This tension between an urbane, educated, retrospective narrative voice and other, more urgent forms of direct speech is a feature of the book throughout. The dominant tone is that of Pip telling his story, but there are a great variety of other languages, different voices and more eccentric styles within this dominant discourse.
This is not to suggest that Pip’s own voice lacks range and variety. As we can see, he can investigate his own childish terror vividly, but he can also recreate Pumblechook’s nemesis with the tar-water to great comic effect. Pumblechook’s’ “appalling spasmodic whooping-cough dance,” his “plunging and expectorating” is described from a child’s point of view but with an educated adults syntax and vocabulary. As narrator, Pip has a sharp way with irony, particularly when it is directed against his own pretensions.
Despite the humour and the comic episodes, the prevailing tone of Pip’s narration is one of resigned melancholy. Sometimes the reader feels like an eavesdropper listening to the mature Pip’s reflection on his earlier self. We are persuaded that Pip is explaining the matter to himself as much as to us, his readers. At other times, like the final paragraph of chapter 9, he addresses us more directly. Dickens is at pains to make us share Pip’s trials and tribulations; he wishes to draw us into a relationship with him. Pip can be witty, even cruel st others expense when he observes that Joes education “like steam, was yet in its infancy” but he can also show great empathy and poetic sensibility.
So the style and language of Dickens main narrator is indeed that of a gentleman; it is polished and urbane, well educated and well modulated. However, Pip is a willing reporter of those whose speech is anything but educated and refined. He captures the voices of a wide cross-section of society, stressing degrees of verbal formality, distinctive vocabularies and characteristic oddities of syntax. These range from Miss Havisham’s self dramatising formalities, to the pompous, self-educated aggrandisement of Pumblechook where the distinctive spelling stress the tone and qualities of the speech.
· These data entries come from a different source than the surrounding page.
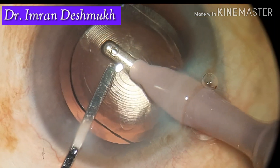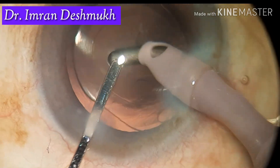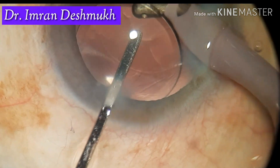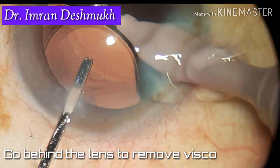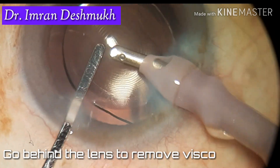You can also use the hydro-implantation method of inserting the IOL in the bag — it can save time. However, I usually follow my own technique: I go behind the lens and try to remove as much viscoelastic as possible, whether it's a hydrophilic or hydrophobic lens.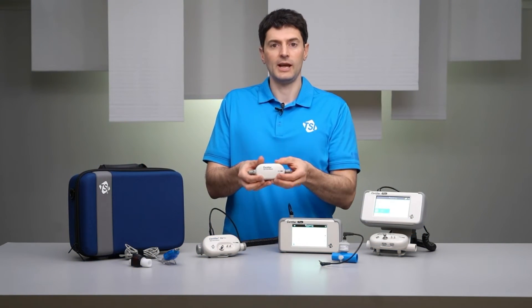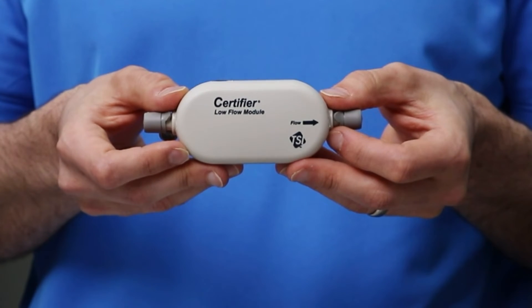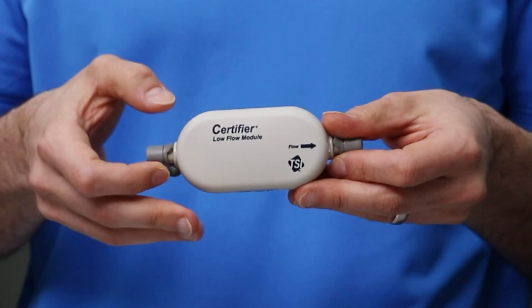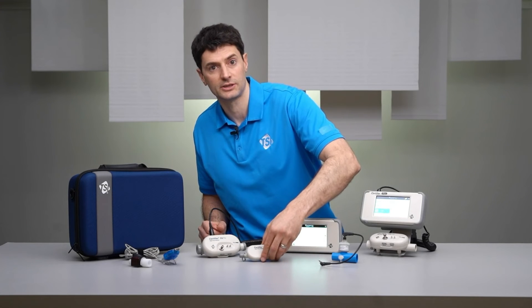The Model 4082 low flow module can measure air, oxygen, and nitrous oxide flows up to 20 liters per minute and has increased measurement accuracy at low flow rates. The low flow module is used commonly for testing nitrous oxide flows from anesthesia machines and for performing leak checks.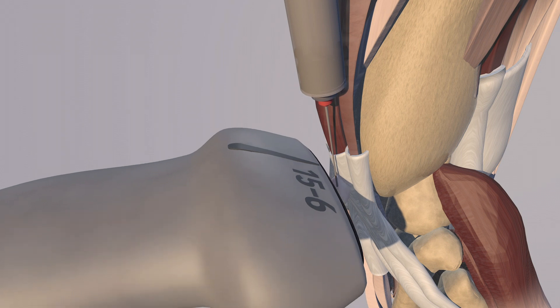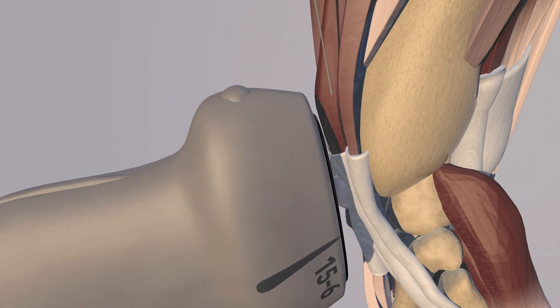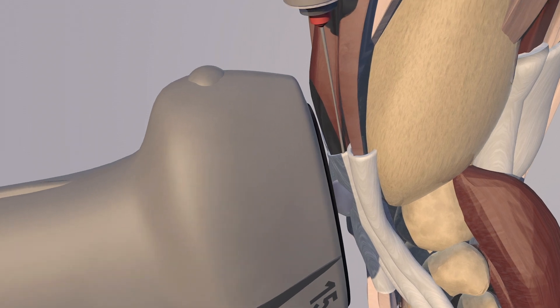So we went ahead and did a long-axis approach to the needle — sagittal to the body — and then we just put the needle right into the tendon sheath, which you can see here zooming in.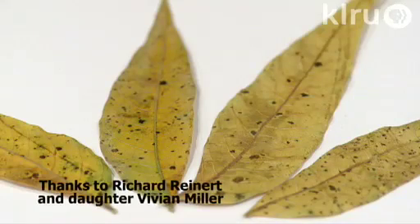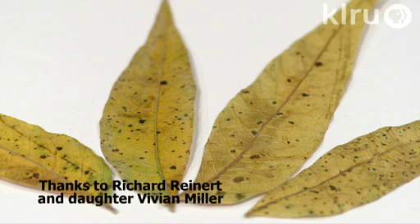Hello and welcome to Down to Earth. Our question this week is another great one sent in by a couple of our viewers. They have leaves of Chinese pistache that have some black spots that are turning yellow and falling off. Richard and Vivian sent us some of those leaves, and black spots normally indicate a disease of some sort, so that probably is what's going on here.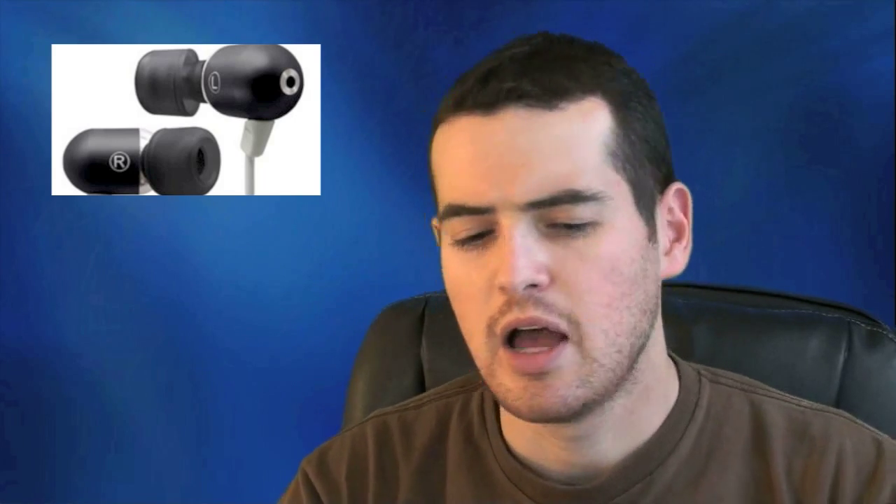These are now my de facto headsets. I use them everywhere I go whether I'm flying, running, or walking around — I'm always listening to music on the iPhone so I always carry these with me. And like I said guys, it's worth keeping in mind that they are completely ergonomic.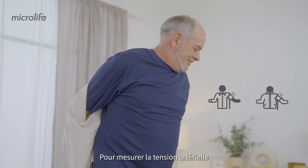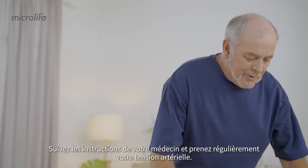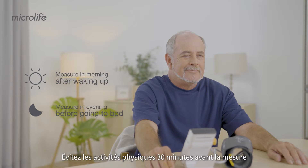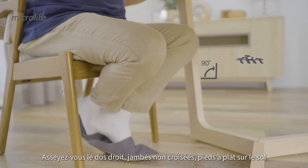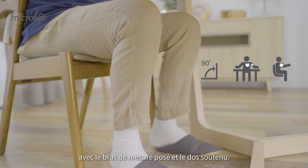To measure blood pressure, start by removing any thick clothing. Follow your doctor's suggestions and measure regularly. Avoid activities 30 minutes prior to the measurement. Empty your bladder and rest briefly. Sit up straight, legs uncrossed, feet flat on the floor, with your measuring arm and back fully supported.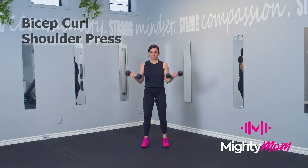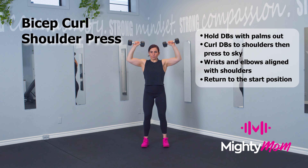Bicep curl shoulder press. Start in a standing position, knees and feet slightly wider than your hips.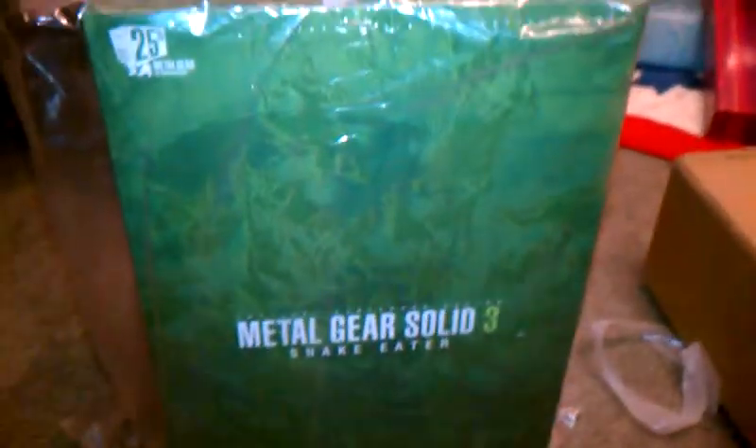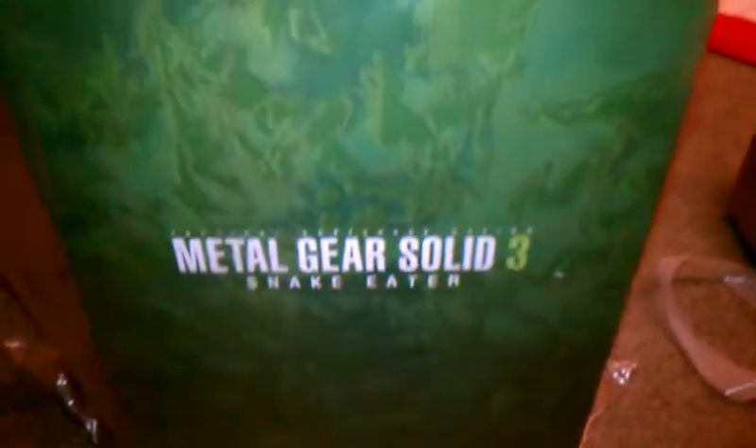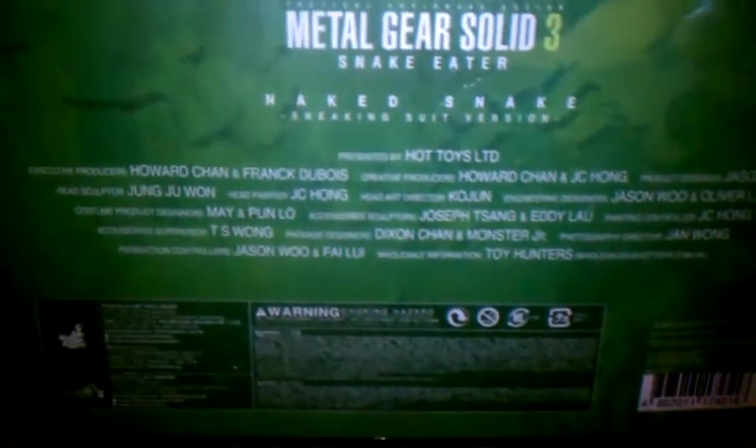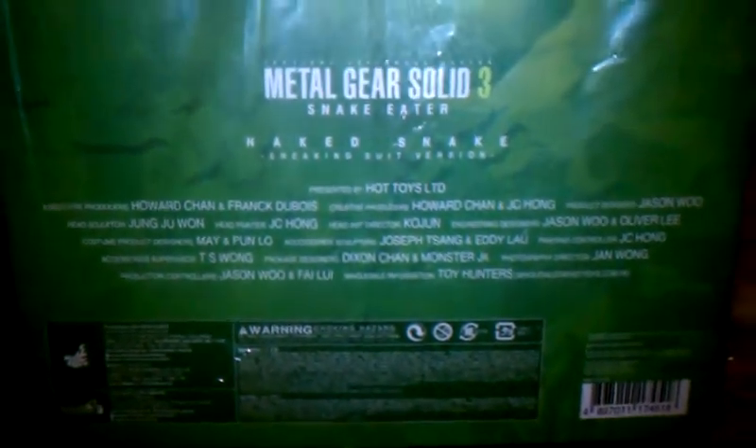Here's the box — 25th anniversary Metal Gear Solid 3 Snake Eater, Naked Snake, sneaking suit version. That's nice packaging. It's got a list of creators for the figure, like credits. That's funny.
Behind Pip lies Dickens, of course. Along with his other texts, Great Expectations shows all the typical Dickensian tricks of style that emphasise his view on the world. In particular, there are several fine examples of the imaginative transference that makes people perform like robots but objects acquire a life and energy of their own. Of course, this can be very entertaining, but as a technique it has its serious uses. It expresses Dickens’ view of society where material things are valued more than people and people are treated like objects.